The animation industry's environmental impact took center stage at MIA Market on October 9, where Maria Rua Aguete, Head of Media and Entertainment at Omdia, moderated a groundbreaking panel on "Green Animation." While animation might seem environmentally neutral due to its digital nature, the reality is starkly different. Modern animated productions require massive computational power for rendering, with feature films consuming energy equivalent to hundreds of households over multi-year production cycles. As streaming platforms drive unprecedented demand for animated content, the industry's carbon footprint is expanding rapidly.
The panel featured leading European voices spearheading sustainable animation practices: Linnea Merzagora from Green Film/Trentino Film Commission (Italy), Adrien Roche from Ecoprod (France), Valentina Hučková from CEE Animation (Czech Republic), and Pedro Citaristi from Redmonk Studio (Italy). Together, they outlined how Green Film, Ecoprod, and CineRegio are collaborating to create the first common sustainability certification for animation, addressing the sector's unique workflows, energy consumption patterns, and environmental challenges.
"The animation industry is one of the most innovative areas of entertainment, and now it's showing the same creativity in tackling sustainability," said Rua Aguete. "This initiative marks a turning point: sustainability is no longer a nice-to-have, but an industry standard that can drive innovation, efficiency, and accountability."
The animation sector faces distinct sustainability challenges that traditional film metrics can't adequately measure. Energy-intensive rendering processes, extended production timelines spanning years, and the increasing use of AI-assisted animation tools create a complex environmental equation that requires specialized solutions.

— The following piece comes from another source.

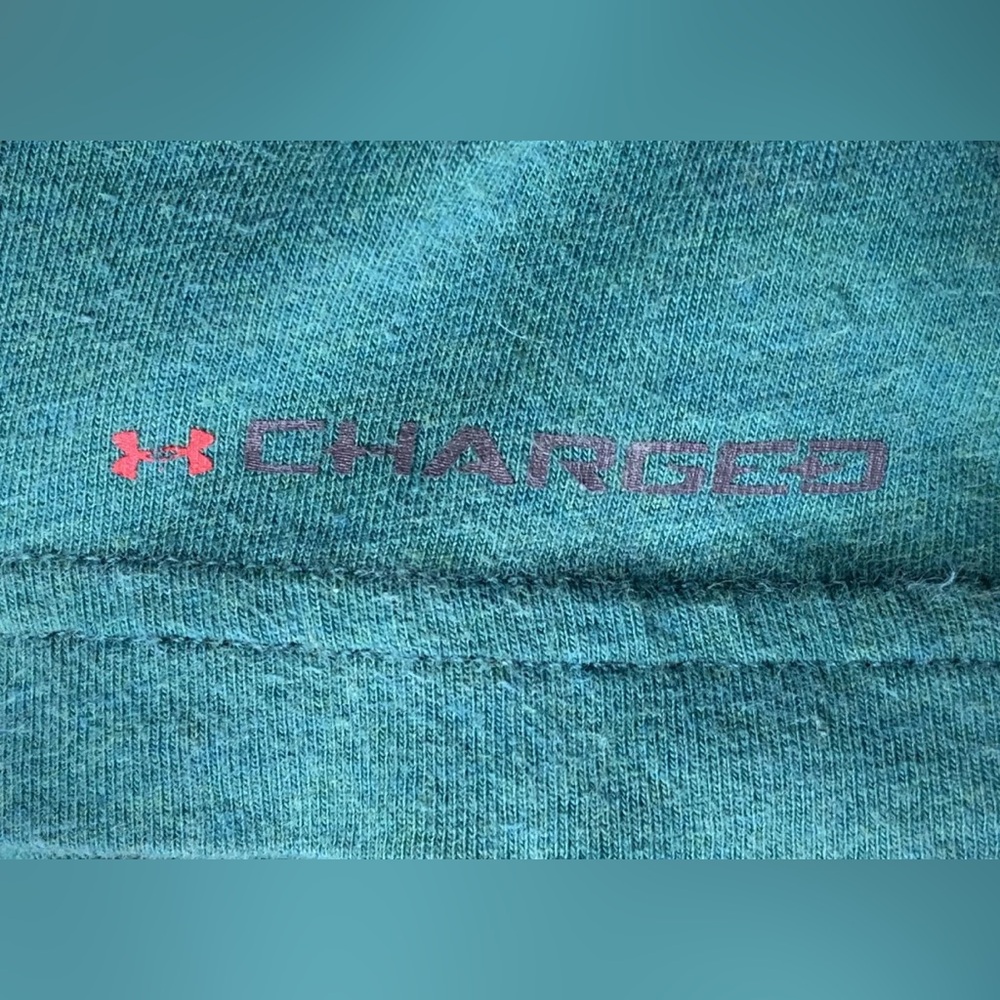 Under Armour Charged Heat Gear Mens Size Large Loose Teal Logo Crew Neck Shirt - Picture 6 of 6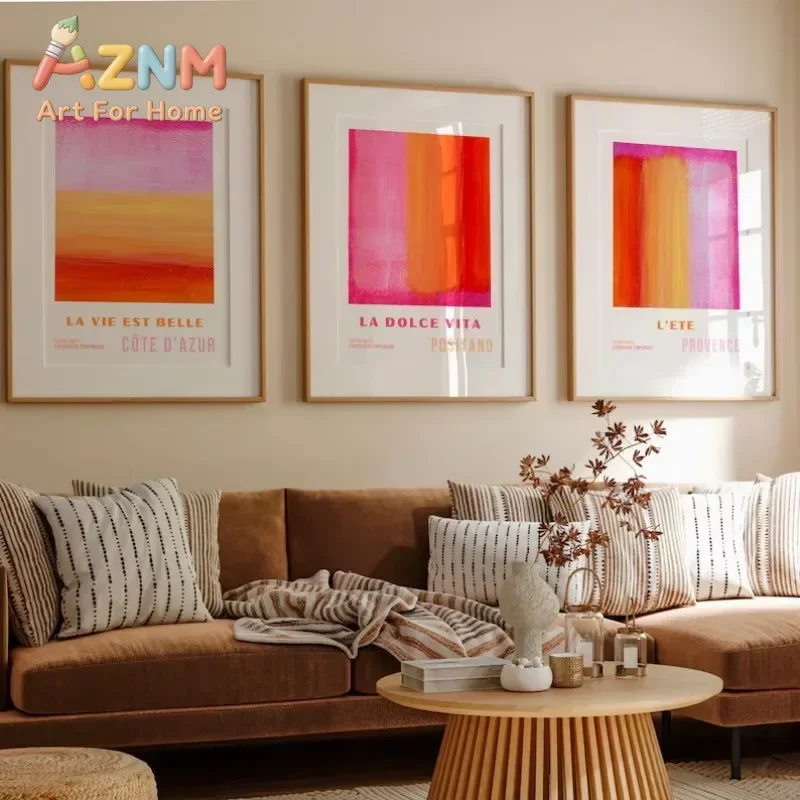 Abstract Pink Orange Art Poster Colour Swoosh Stylish Modern Canvas Painting Bedroom Avant-Garde Decorative Frameless Wall Ar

The discussion covered the upcoming Green Animation Guide, regional readiness for sustainability standards, and practical strategies for smaller studios to adopt eco-friendly practices without inflating budgets or adding operational complexity. "What's powerful here is collaboration," Rua Aguete emphasized. "When you have industry players from France to Italy to Central and Eastern Europe working toward common goals, it signals the industry is ready to evolve."
This initiative will enter beta testing in 2026, with plans to establish industry-wide standards by 2027. The program invites film funds, festivals, and studios to endorse a shared framework for greener production practices across Europe's animation landscape.
Rua Aguete highlighted the critical role of industry events in driving systemic change: "Markets like MIA provide the platform where ideas become collaborations. They bring together policymakers, producers, and creatives—the people who can turn sustainability goals into real industry transformation. Without these exchanges, progress would be glacial."
The timing couldn't be more urgent. As animation production scales globally and computational demands intensify, establishing sustainable practices now could prevent the industry from following the same environmentally costly path as other entertainment sectors. "Change starts with awareness," Rua Aguete concluded. "Animation is proving that sustainability can be creative, scalable, and truly international."
The initiative represents the first coordinated European effort to address animation's environmental impact, potentially setting a global precedent for an industry whose digital nature has long masked its substantial carbon footprint.